Muhyiddin İbnu’l Arabî‘nin FUSÛSU’L-HİKEM isimli eserinin (Tercüme ve Şerh: AHMED AVNİ KONUK, Hazırlayanlar: Prof.Dr. MUSTAFA TAHRALI -Dr. SELÇUK ERAYDIN, İFAV, Yedinci Baskı, 2017) I. Cildinin sonlarından yapacağım bazı alıntılamalar (bunlardan ilki s.267’den alıntı olarak bu yazının başlığını teşkil eden bir cümledir) oluşturacak bu yazıyı.
“Hakk’ın hitâbı umûmadır.”
(S.a.v.) Efendimizin bir sözü: “Siz dünya işlerinizi benden daha iyi bilirsiniz.”
“Ben senin hoş olan ırmağına çıplak olarak dalayım, diye butûn (bâtın olma) sıfatlarımdan soyundum.” (Hz. Mevlânâ(r.a.)
“Velâyet esas ve hakikat itibariyle mutlak ilâhî sıfatlardır.”
“Hâtem-i rusül (resûllerin sonuncusu) velîdir; velâyeti hasebiyle ulûm (ilimler) ve esrârı (sırları) Hak’tan bilâ-vâsıta (aracısız) ahz eder (alır). Ve resûldür, Hak’tan aldığı ahkâmı (hükümleri) ümmetine tebliğ eder. Ve nebîdir, Hak’tan ve âhiret umûrundan (işlerinden) ümmetine haber verir.”

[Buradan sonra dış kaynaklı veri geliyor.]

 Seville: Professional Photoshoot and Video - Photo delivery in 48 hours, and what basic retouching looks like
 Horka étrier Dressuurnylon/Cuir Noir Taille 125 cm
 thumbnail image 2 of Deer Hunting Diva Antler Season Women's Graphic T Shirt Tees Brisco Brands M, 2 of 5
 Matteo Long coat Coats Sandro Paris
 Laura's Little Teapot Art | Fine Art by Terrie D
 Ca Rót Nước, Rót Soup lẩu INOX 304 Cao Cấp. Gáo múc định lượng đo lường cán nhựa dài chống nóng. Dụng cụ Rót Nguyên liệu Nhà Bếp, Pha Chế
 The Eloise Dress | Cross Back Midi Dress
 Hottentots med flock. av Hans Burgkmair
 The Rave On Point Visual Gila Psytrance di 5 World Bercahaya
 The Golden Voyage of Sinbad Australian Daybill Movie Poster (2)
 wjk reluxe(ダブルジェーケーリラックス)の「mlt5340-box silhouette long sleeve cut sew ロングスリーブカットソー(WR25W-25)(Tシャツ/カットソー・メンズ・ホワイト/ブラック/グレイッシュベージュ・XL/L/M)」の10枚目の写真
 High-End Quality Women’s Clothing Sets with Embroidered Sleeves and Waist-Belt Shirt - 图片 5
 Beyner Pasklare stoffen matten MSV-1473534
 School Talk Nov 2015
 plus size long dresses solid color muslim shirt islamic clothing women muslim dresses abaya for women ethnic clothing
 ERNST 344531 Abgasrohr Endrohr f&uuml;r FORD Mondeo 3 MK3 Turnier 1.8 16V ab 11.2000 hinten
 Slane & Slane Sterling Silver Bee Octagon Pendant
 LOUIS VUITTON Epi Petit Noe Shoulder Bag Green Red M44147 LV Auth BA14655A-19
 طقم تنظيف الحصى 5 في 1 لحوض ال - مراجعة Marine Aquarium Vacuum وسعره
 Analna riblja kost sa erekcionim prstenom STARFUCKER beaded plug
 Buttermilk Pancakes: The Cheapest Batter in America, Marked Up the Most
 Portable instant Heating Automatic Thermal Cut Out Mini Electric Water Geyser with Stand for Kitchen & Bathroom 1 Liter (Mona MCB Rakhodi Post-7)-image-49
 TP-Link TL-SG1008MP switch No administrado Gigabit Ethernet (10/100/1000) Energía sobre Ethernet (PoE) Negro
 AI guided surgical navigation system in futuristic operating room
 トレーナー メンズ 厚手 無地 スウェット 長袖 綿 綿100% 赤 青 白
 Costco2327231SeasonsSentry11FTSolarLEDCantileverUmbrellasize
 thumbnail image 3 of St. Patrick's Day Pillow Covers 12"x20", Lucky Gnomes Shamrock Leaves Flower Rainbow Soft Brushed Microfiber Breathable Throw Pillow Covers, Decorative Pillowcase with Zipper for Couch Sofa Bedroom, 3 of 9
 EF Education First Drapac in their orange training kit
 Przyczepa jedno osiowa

“Hakikatler ehli indinde (katında) Allah Teâlâ için ne ıtlâk (mutlak oluş) ve ne de takyîd (ıtlak’ın zıddı) vardır. Zîrâ Cenâb-ı ilâhî, yani ulûhiyyet hazreti (mertebesi) ilâhî isimlerin tümünü camîdir (toplayandır).”